JIM LEHRER: Now, an interview with U.S. Army Gen. David McKiernan, the top American and NATO commander in Afghanistan. Margaret Warner talked with him Sunday at his headquarters.
MARGARET WARNER: General McKiernan, thanks for having us. Do you think the war is winnable in military terms?
GEN. DAVID MCKIERNAN, U.S. Commander in Afghanistan: Well, the war is winnable. Let's not put it in military terms, because it's going to take security, it's going to take governance, and it's going to take socioeconomic progress, all three of those in a comprehensive way. But this campaign is absolutely winnable and will be won.
MARGARET WARNER: Are you seeing a greater presence or activity by al-Qaida? The head of the Defense Intelligence Agency last week said so in Congress. I'm just wondering, if you see it, where do you see it here?
GEN. DAVID MCKIERNAN: I'm not seeing a greater presence of al-Qaida in Afghanistan, but we do know that al-Qaida provides facilitators, provides trainers, provides resources that assist different insurgent groups inside of Afghanistan.
MARGARET WARNER: And is that to a greater degree than recently?
GEN. DAVID MCKIERNAN: I don't think -- I don't see any increase in it, but it is persistent.
MARGARET WARNER: The Taliban seems to have this sort of -- you called it an extremist syndicate, I think. Such control in certain areas that, for instance, you can't -- a foreigner can't go on the Kandahar Road safely anymore. We were -- as I mentioned, we were in Helmand province last week, and the State Department reconstruction team really couldn't get out of its British garrison virtually.
Are 17,000 more troops enough to turn that sort of thing around?

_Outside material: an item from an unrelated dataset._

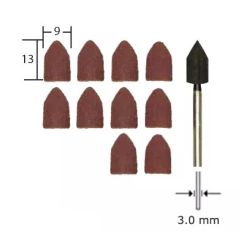 Proxxon - Sanding Drum Carrier with 10 Sanding Drums Ø 9mm, 5each 80+150 grit - 28987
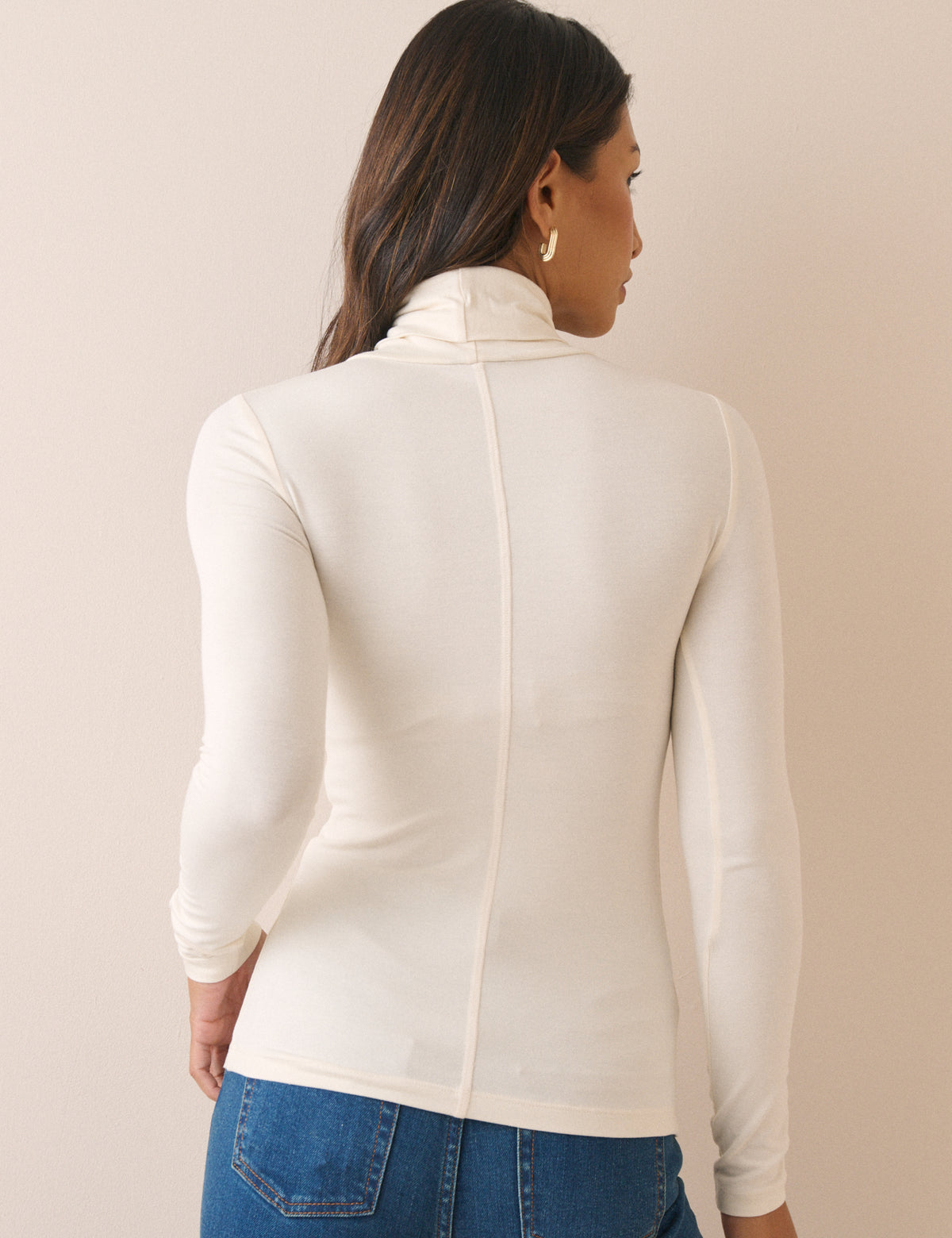 White Roll Neck Jersey Top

GEN. DAVID MCKIERNAN: Well, let's be very clear that the 17,000 soldiers and Marines that the president recently approved are generally going to be positioned in the southern and southwestern part of Afghanistan. That's the area where I've described that we're in a stalemate, that we're not increasing security, we're not increasing freedom of movement, yet the insurgency is not increasing their control, either, but we're in a stalemate.
We need additional security presence in the south to break that stalemate and set a foundation where governance, and reconstruction, and development can improve. Those are U.S. forces to reinforce our effort in the south.
MARGARET WARNER: Now, are more U.S. troops going to necessarily mean more casualties on both sides and for civilians?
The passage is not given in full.